The Broker Problem in Germany — and How modeiland Solves It

Cüneyt Kaya · Jun 4, 2026 · 2 min read

What Is the Maklerprovision?

In Germany, renting an apartment through a broker (Makler) typically comes with a fee called Maklerprovision or Courtage. It's usually 1.5 to 2 times the net monthly rent, plus VAT — meaning a €900/month apartment could cost you an extra €1,500 to €2,000 before you even move in.

On top of the security deposit and first month's rent, this is a significant upfront burden — especially for students, recent graduates, people relocating for work, or anyone who doesn't have significant savings to draw on.

The Bestellerprinzip: Good Idea, Incomplete Execution

In 2015, Germany introduced the Bestellerprinzip: whoever hires the broker pays the fee. In theory, this protects tenants. In practice, landlords who pay broker fees often incorporate those costs into the rent. The burden shifts but doesn't disappear.

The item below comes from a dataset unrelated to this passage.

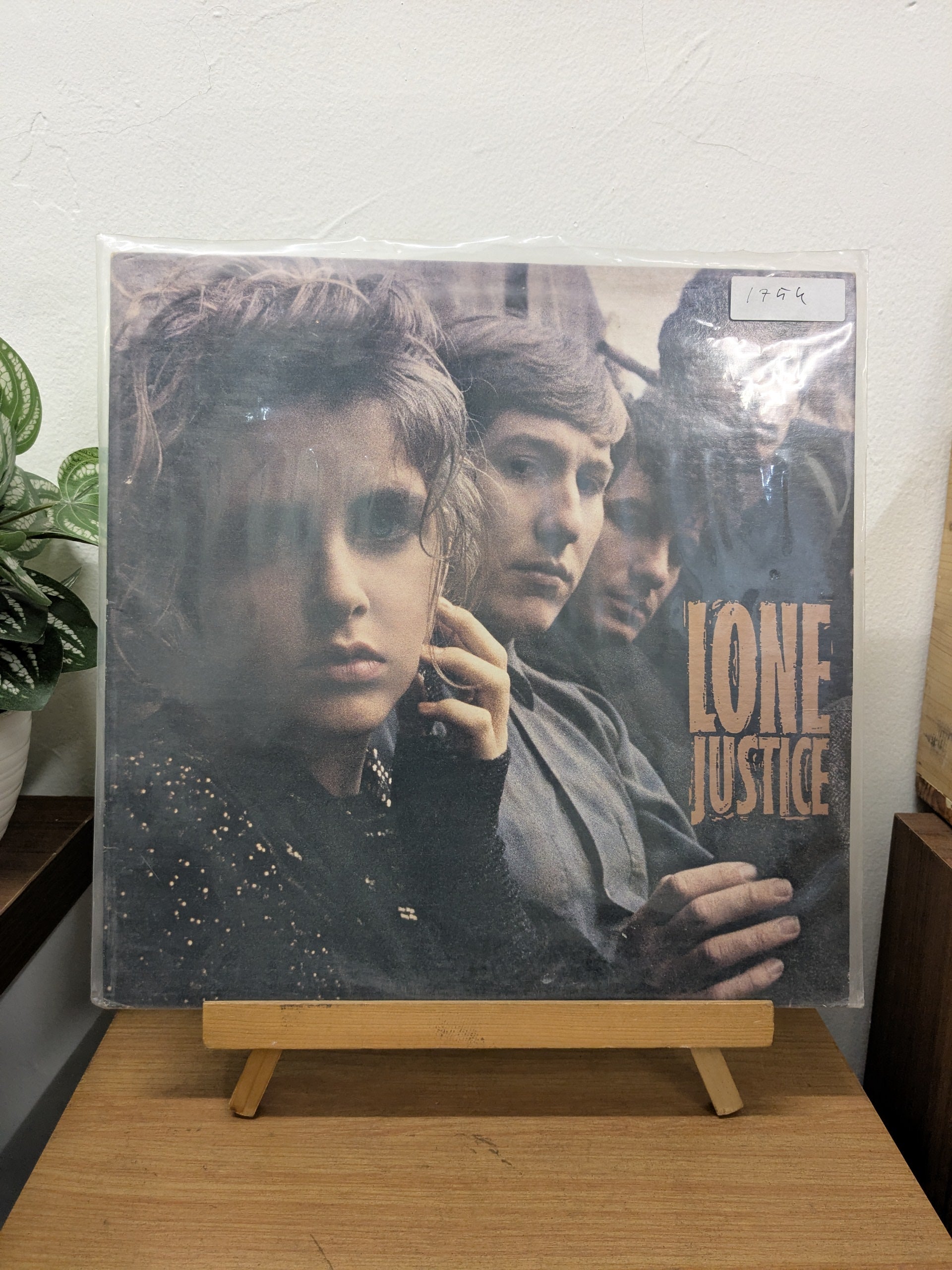 Lone Justice – Lone Justice (VINYL / USED)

Why Big Portals Don't Help

Platforms like Immoscout24 or ImmoWelt are dominated by agency listings. Private landlord listings exist but are rare, go quickly, and are hard to find. The business model of these portals depends on broker subscriptions — not on the interest of apartment seekers.

The modeiland Approach

modeiland was built as a deliberate alternative. Only private landlords can list properties. Brokers are excluded by design. Seekers pay a transparent, small monthly subscription fee — a software usage fee, not a brokerage charge.

The math is straightforward: even if your search takes three months, you'd pay €15 total on modeiland. That's a fraction of what a single broker fee would cost. And if you find your apartment without paying a commission, the savings speak for themselves.